[Data items]
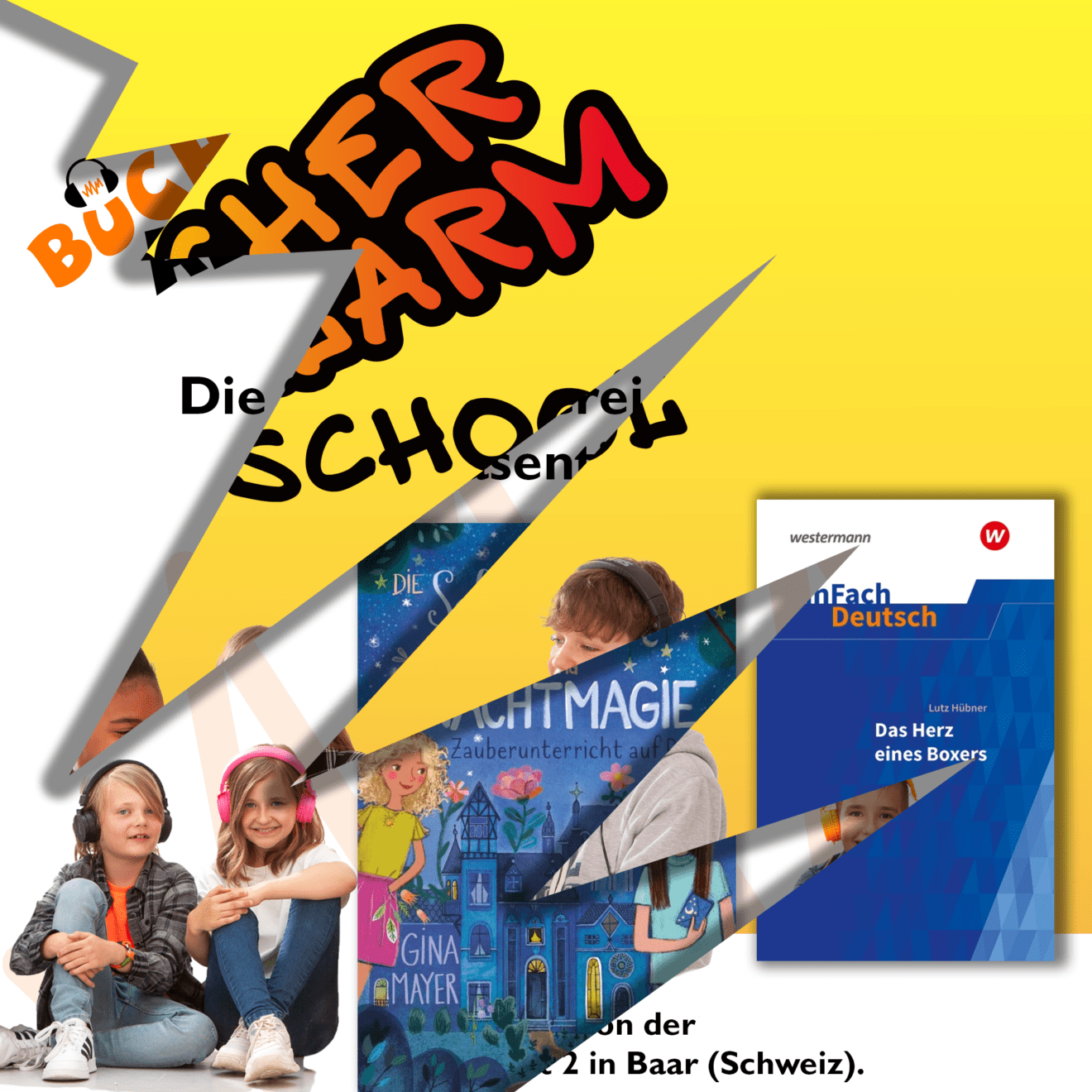 2023_01_Top01_Episodenvergleich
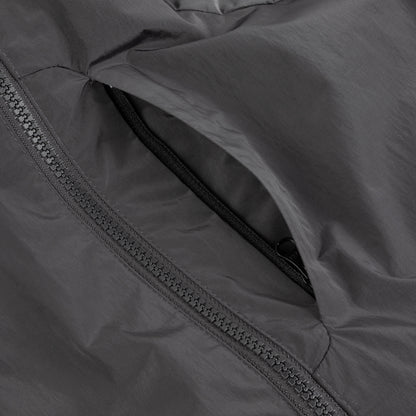 Taffeta Windbreaker Storm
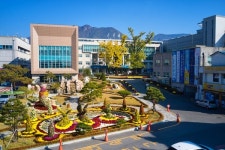 화순군, 2022년 수리시설개보수 신규 사업 27억 확보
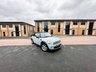 USED 2012 12 MINI CONVERTIBLE 1.6 ONE 2d 98 BHP BRILLIANT CONDITION+TIDY EXAMPLE!!!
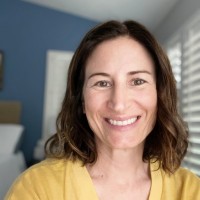 Amy Griglak Email & Phone Number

WHAT TO WORK ON — Word for word, give the data above again, without any images.

REPLY —
 2023_01_Top01_Episodenvergleich
 Taffeta Windbreaker Storm
 화순군, 2022년 수리시설개보수 신규 사업 27억 확보
 USED 2012 12 MINI CONVERTIBLE 1.6 ONE 2d 98 BHP BRILLIANT CONDITION+TIDY EXAMPLE!!!
 Amy Griglak Email & Phone Number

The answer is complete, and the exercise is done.